**** Data to examine ****

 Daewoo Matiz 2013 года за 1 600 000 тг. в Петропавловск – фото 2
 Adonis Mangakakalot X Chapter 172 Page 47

****
**** Data to examine ****

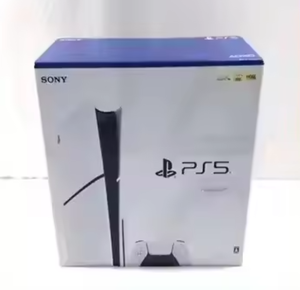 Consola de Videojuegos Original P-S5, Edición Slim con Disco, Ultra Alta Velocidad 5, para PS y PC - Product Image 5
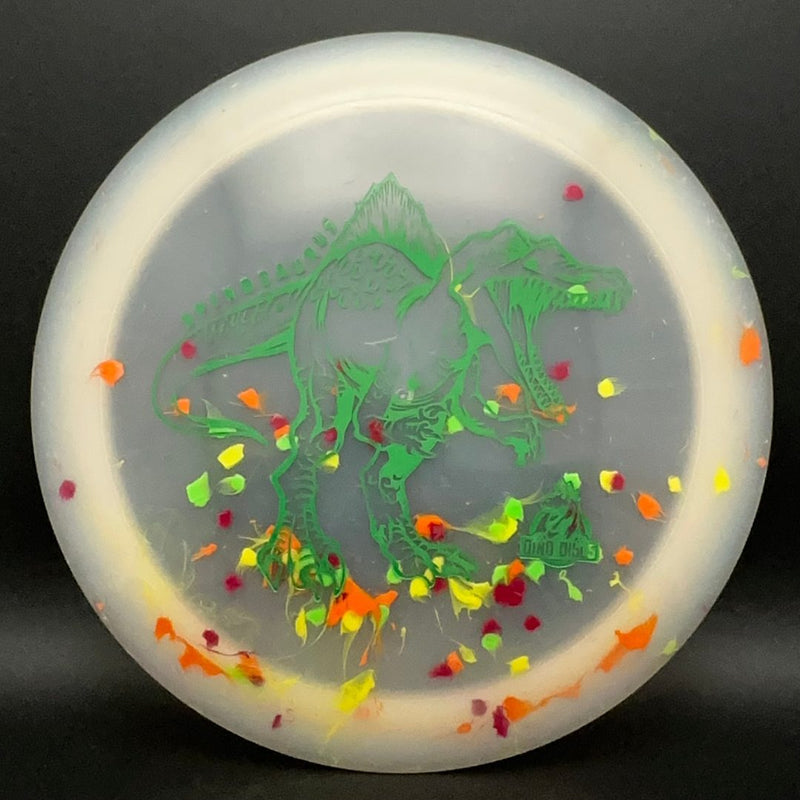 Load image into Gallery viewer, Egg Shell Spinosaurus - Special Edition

****

What to produce:
From the listing above, output exactly the run of lines that starts with the line containing "Daewoo Matiz 2013" and ends with the line containing "Adonis Mangakakalot X Chapter 172 Page 47".

Response below:
 Daewoo Matiz 2013 года за 1 600 000 тг. в Петропавловск – фото 2
 Adonis Mangakakalot X Chapter 172 Page 47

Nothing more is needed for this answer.